Friday, June 21, 2013

Finite Haiku

So a funny thing happened in my brain today. I wondered... given that haiku has exactly 17 syllables all up (5/7/5), and that the english language has a certain number of words/sounds, how many unique haiku exist? Well.. I'm still not sure, but I did some poking around to work out the worst case scenario. The worst case scenario is that English is a living language, and that haiku is simply a collection of 17 syllables, each from a pool of all possible syllables in the language. While this is very simplistic, and throwing random syllables together is unlikely to produce words let alone meaning, it does future proof against new words that may turn up. And it does provide a maximum number. So how many syllables are there in English? Turns out that I couldn't find any definitive answer, but I did find an article here http://semarch.linguistics.fas.nyu.edu/barker/Syllables/index.txt which again is kind of a worst case scenario.
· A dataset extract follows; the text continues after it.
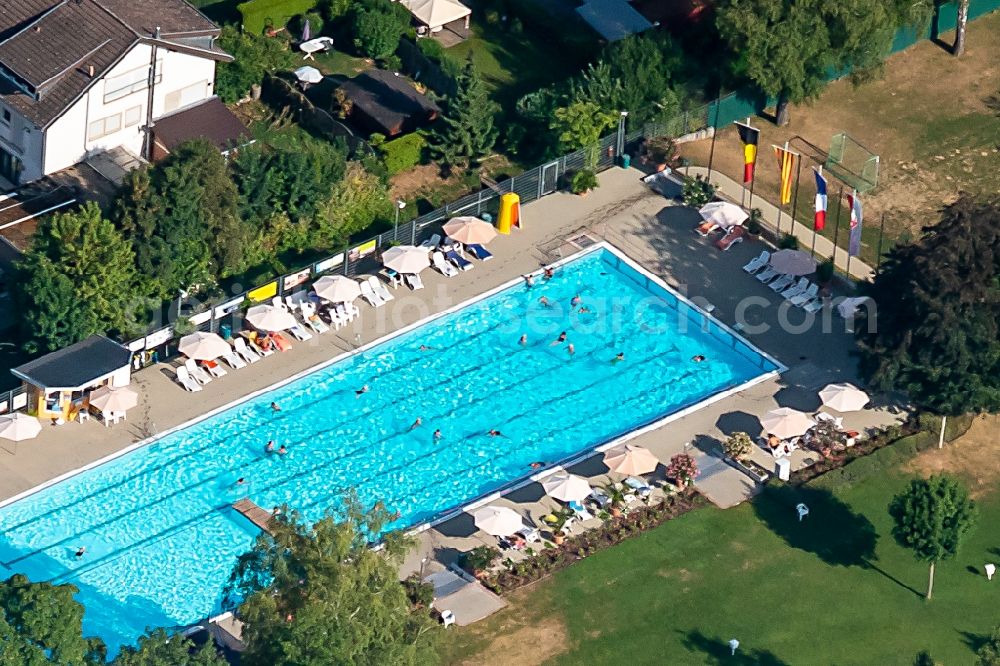 Aerial photograph Ettenheim - Swimming pool of the Hermann Jaeger Bad in Ettenheim in the state Baden-Wurttemberg, Germany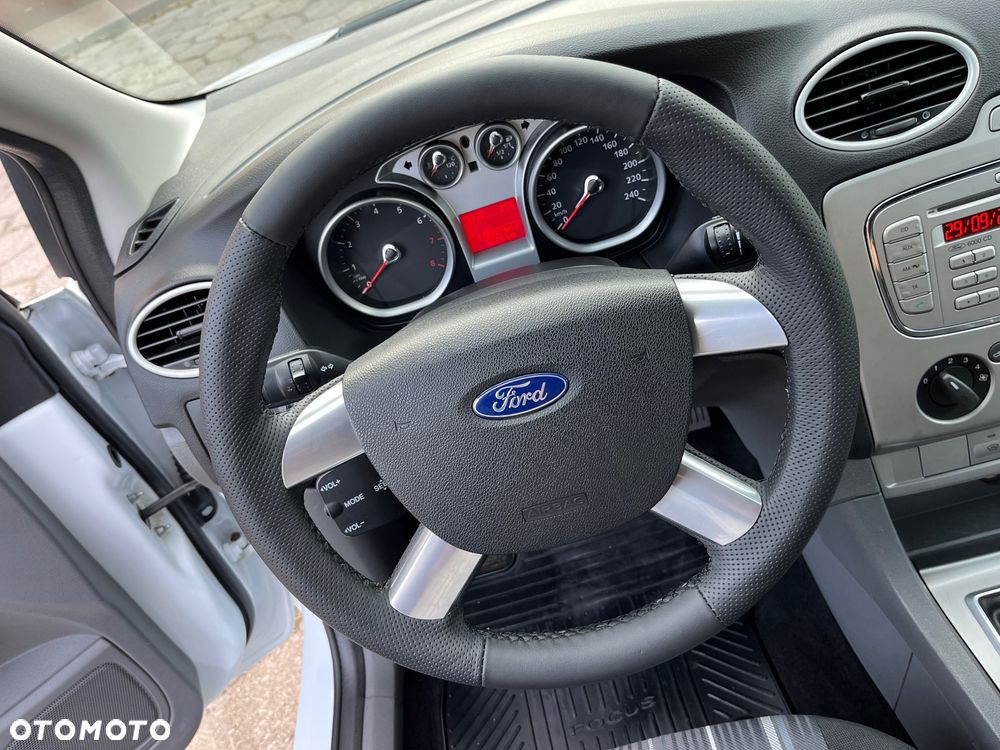 Ford Focus - 33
The author refers to 15,831 syllable candidates. This does seem rather large, but I'd be interested if someone else had any good sources on something more accurate. So if we take this worst case of 15,831 syllable candidates, and we have 17 positions to fill, again using a worst case scenario that any syllable can follow any syllable, we end up with 17^15,831 unique haiku - which will include both the nonsense ones and also every possible sensible haiku. It did take a while to find a calculator that wasn't going to fall over punching in that kind of number. Luckily, Wolfram Alpha was obliging and came up with 1.7*10^19479. A stupidly large number. How stupidly large? Well... let's compare it to some other things. For the bridge players out there, there are 5.4*10^28 unique bridge deals. For the chess players, it's estimated that there are 1*10^120 unique chess games. So I'd like to make the number more accurate, but I'm not sure how. Any suggestions? Maybe if I could find the average number of syllables in a word (not in a normal distribution, but across the english language), I could use that and the total number of unique words. Any other ideas?